__Exercise instructions__: Leaving out all pictures, write out word for word the lines from the one containing "A beautifully wrapped" to the end of the data below.

-- Data excerpts follows --

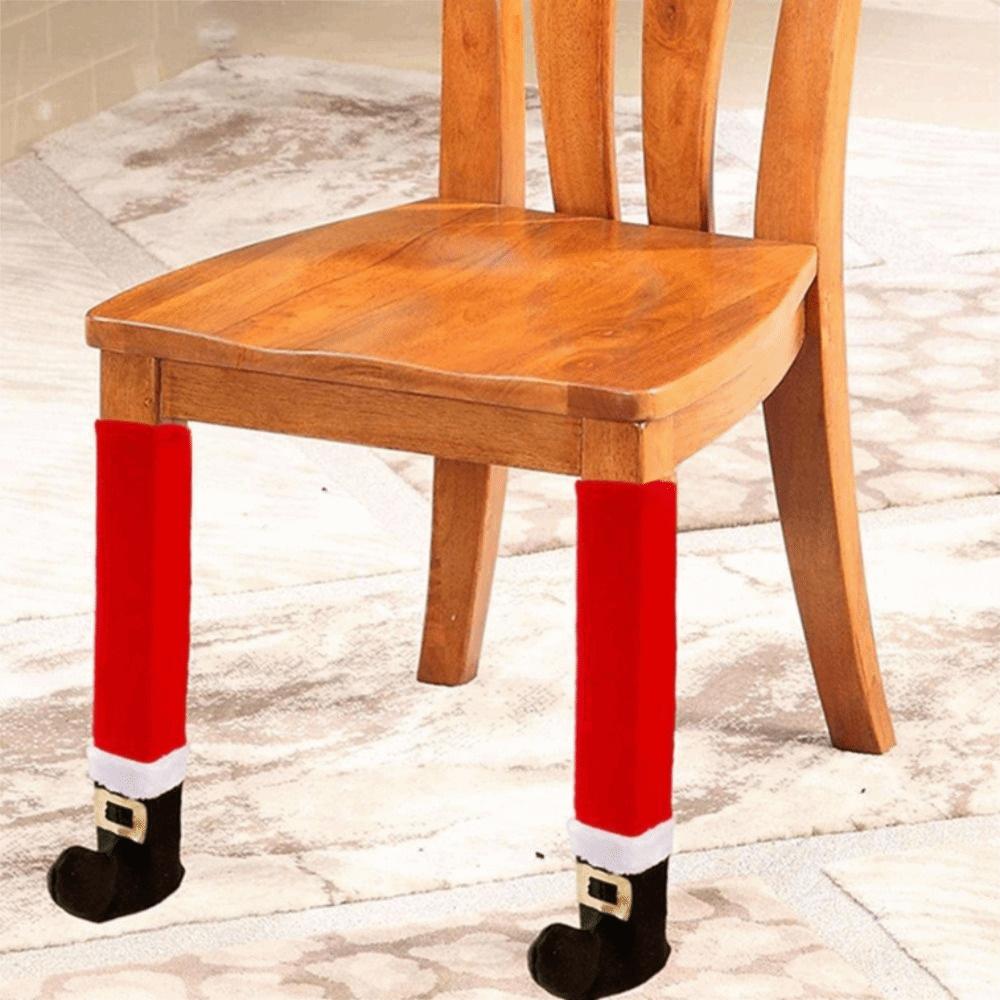4pcs Elastic Band Design Santa Claus Table Leg Cover Universal Long Christmas Chair Foot Cover DIY Cloth Furniture Feet Sleeve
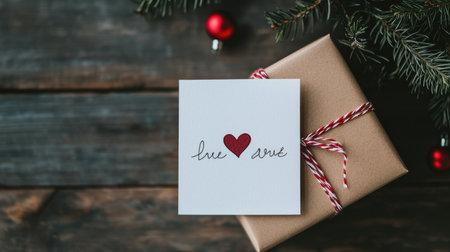 A beautifully wrapped gift with a heartfelt card featuring a red heart, surrounded by festive decorations, conveying love and holiday spirit.の素材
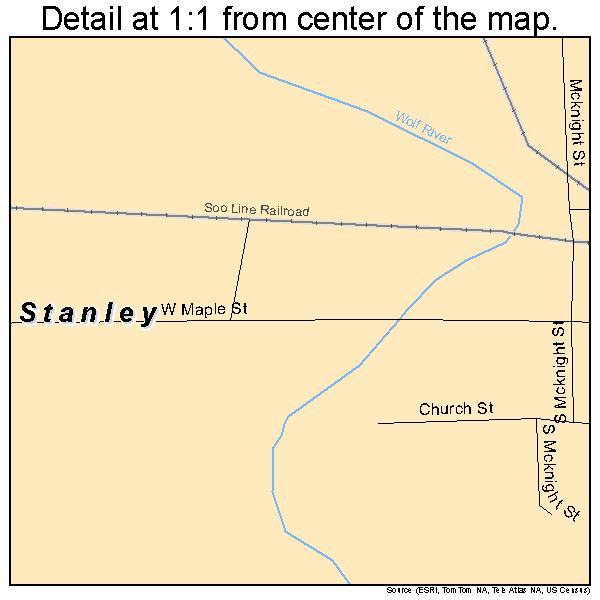 Stanley, Wisconsin road map detail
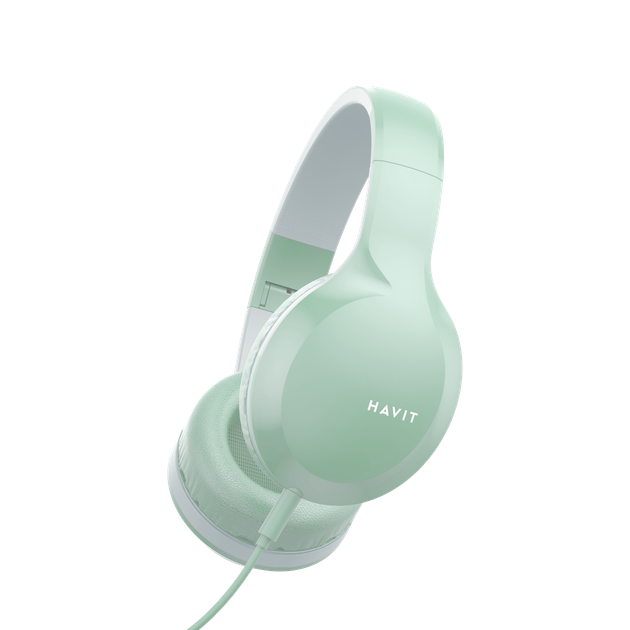 Навушники дротові накладні HAVIT HV-H100d Green з мікрофоном - Фото 3 Навушники дротові накладні HAVIT HV-H100d Green з мікрофоном - изображение 3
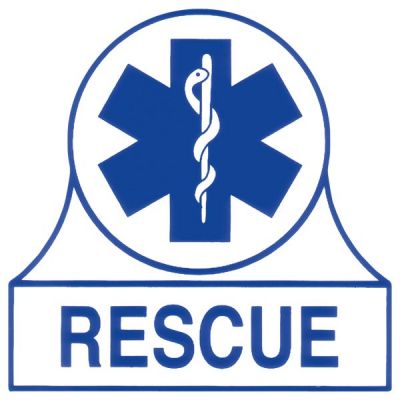 STAR OF LIFE WITH RESCUE WORDING, INSIDE WINDOW STICKER - PEEL & STICK.
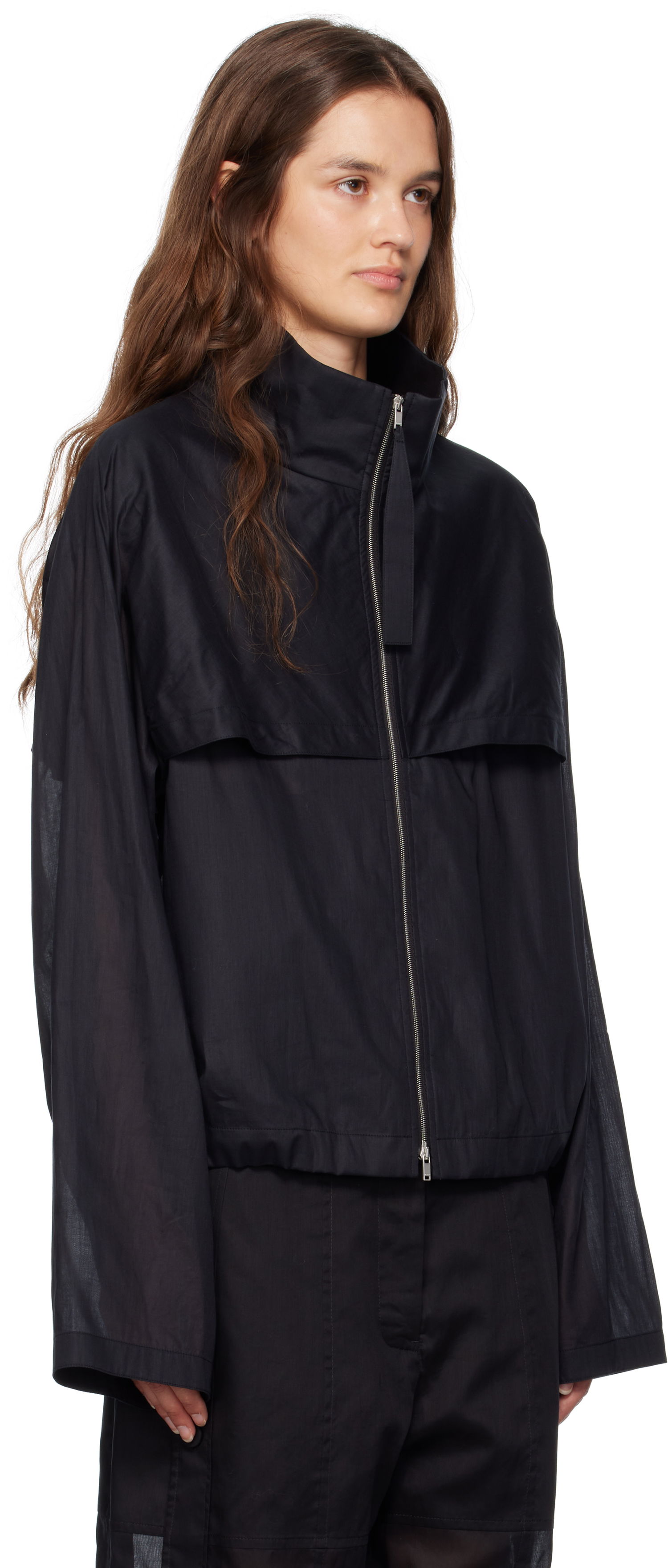 Jakke Jil Sander Jil Sander Cotton Muslin Zip Up Jacket Sort | J01SW0009_J45014, 1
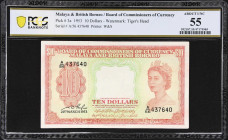 MALAYA AND BRITISH BORNEO. Board of Commissioners of Currency. 10 Dollars, 1953. P-3a. KNB3a. PCGS Banknote About Uncirculated 55.
Printed by W&S. Ti...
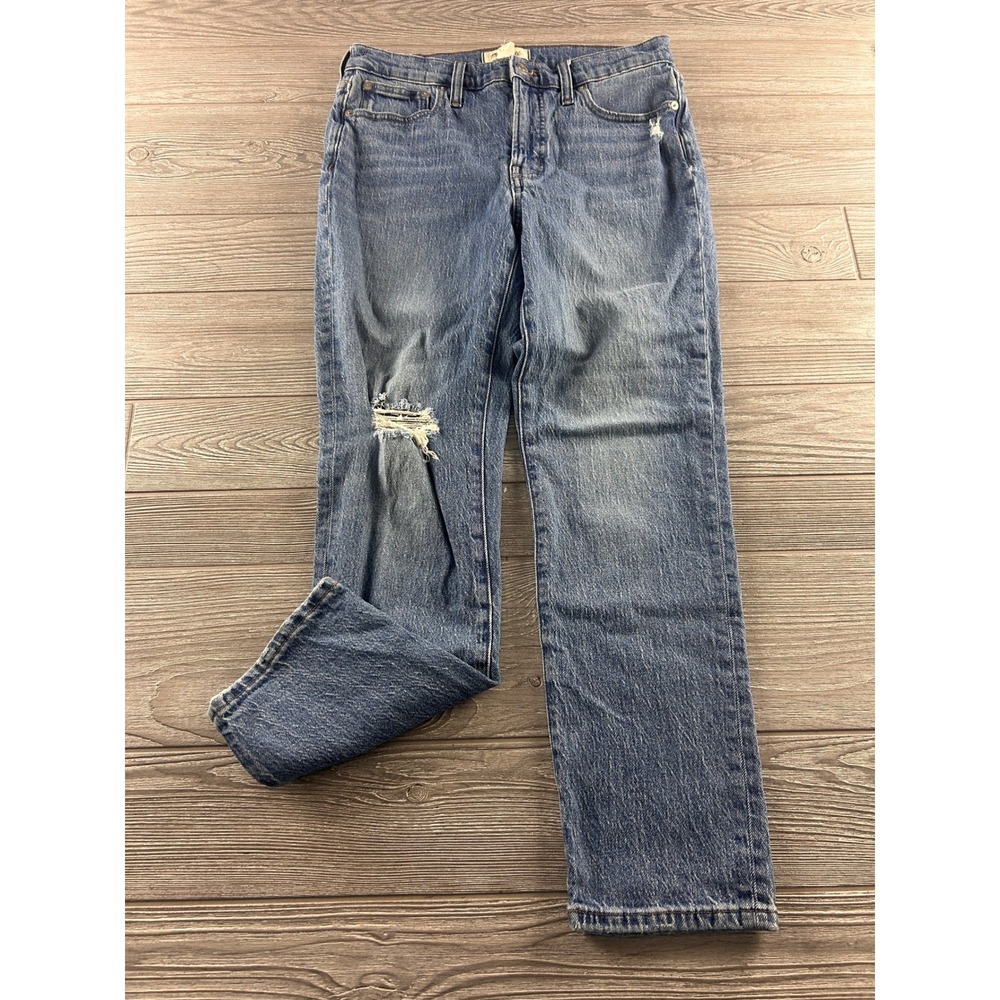 Madewell Mid-Rise Perfect Vintage Jean Distressed Straight Leg Blue Denim 28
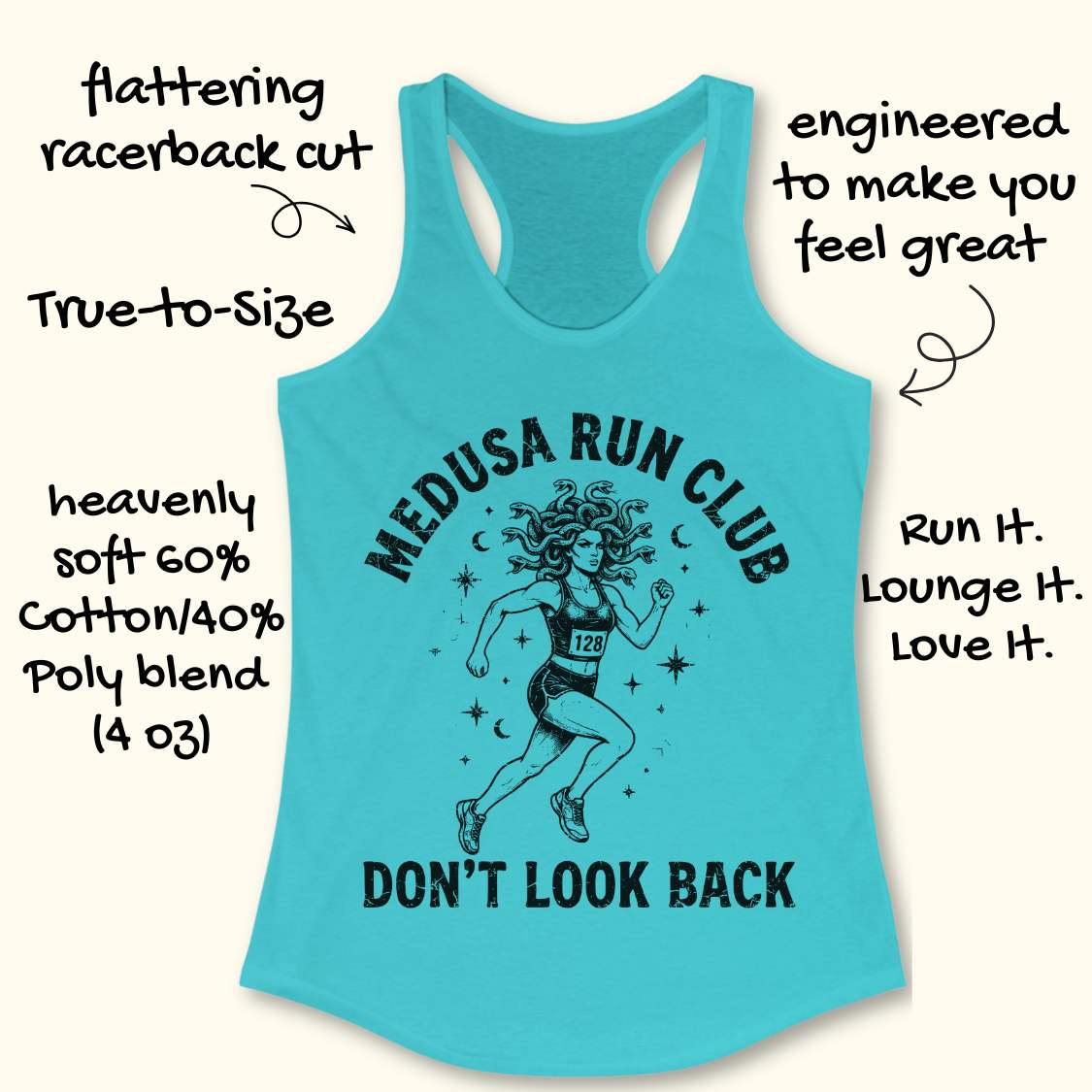 blue women's running tank top featuring a Medusa runner with snake hair, race bib 128, stars, and moons. Text reads "MEDUSA RUN CLUB" and "DON'T LOOK BACK." Mythology-inspired running apparel for women runners, featuring an empowering Greek mythology fitness design.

-- Data excerpts concluded --

__Exercise answer__:
 A beautifully wrapped gift with a heartfelt card featuring a red heart, surrounded by festive decorations, conveying love and holiday spirit.の素材
 Stanley, Wisconsin road map detail
 Навушники дротові накладні HAVIT HV-H100d Green з мікрофоном - Фото 3 Навушники дротові накладні HAVIT HV-H100d Green з мікрофоном - изображение 3
 STAR OF LIFE WITH RESCUE WORDING, INSIDE WINDOW STICKER - PEEL & STICK.
 Jakke Jil Sander Jil Sander Cotton Muslin Zip Up Jacket Sort | J01SW0009_J45014, 1
 MALAYA AND BRITISH BORNEO. Board of Commissioners of Currency. 10 Dollars, 1953. P-3a. KNB3a. PCGS Banknote About Uncirculated 55.
Printed by W&S. Ti...
 Madewell Mid-Rise Perfect Vintage Jean Distressed Straight Leg Blue Denim 28
 blue women's running tank top featuring a Medusa runner with snake hair, race bib 128, stars, and moons. Text reads "MEDUSA RUN CLUB" and "DON'T LOOK BACK." Mythology-inspired running apparel for women runners, featuring an empowering Greek mythology fitness design.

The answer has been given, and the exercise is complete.